Technical information
- Licensing authority: FCC
- Facility ID: 33623
- Class: C
- Power: 1,000 watts
- Transmitter coordinates: 46°56′59″N 123°49′13″W﻿ / ﻿46.94972°N 123.82028°W
- Translator: 103.5 K278CU (Aberdeen)

Links
- Public license information: Public file; LMS;
- Webcast: Listen Live
- Website: sacredheartradio.org

= KBKW =

KBKW (1450 AM) is a radio station licensed to Aberdeen, Washington, and serving the area around Grays Harbor. The station is owned by Sacred Heart Radio, Inc. a non-profit organization. It airs a Catholic radio format, simulcast with flagship station KBLE Seattle.

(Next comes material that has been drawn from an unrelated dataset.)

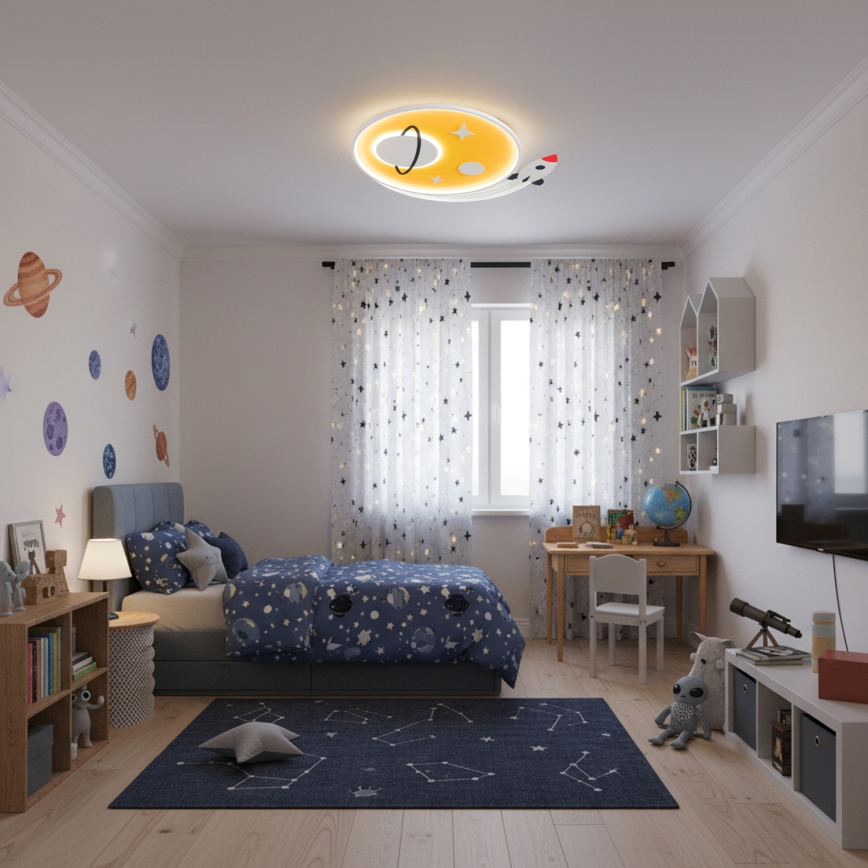 Brilagi - Детский LED-потолочный светильник STARSHIP LED/64 Вт/230 В 3000/4500/6000 К жёлтый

KBKW is powered at 1,000 watts, using a non-directional antenna. Programming is simulcast on 250-watt FM translator 103.5 MHz K278CU in Aberdeen.

==Programming==
Programming 24/7 is from Sacred Heart Radio. Some local Washington state shows are heard, with nationally syndicated programs supplied by the EWTN Radio Network.

==History==
The station originally signed on the air on August 1, 1949. The original call sign was KBKW. The call sign represented the founder's initials, Ben K. Weatherwax. Weatherwax was part of a prominent local family, and was the first full-time radio newsman in Southwest Washington, employed at KXRO until the launch of KBKW.

In later years, the call sign changed to KAYO, with a switch to a country music format. On April 28, 1975, the station reverted to the current call sign KBKW, with the FM sister station retaining the KAYO call sign. The KAYO call sign has since switched to an FM station in Alaska.

On January 18, 2022, KBKW changed its format from news/talk to a simulcast of KSWW's HD3 subchannel's classic country format as "Timber Country 94.7", which is fed on translator K234AU.

Effective October 19, 2022, KBKW and its FM translator were sold to Sacred Heart Radio, a Catholic network in Washington state.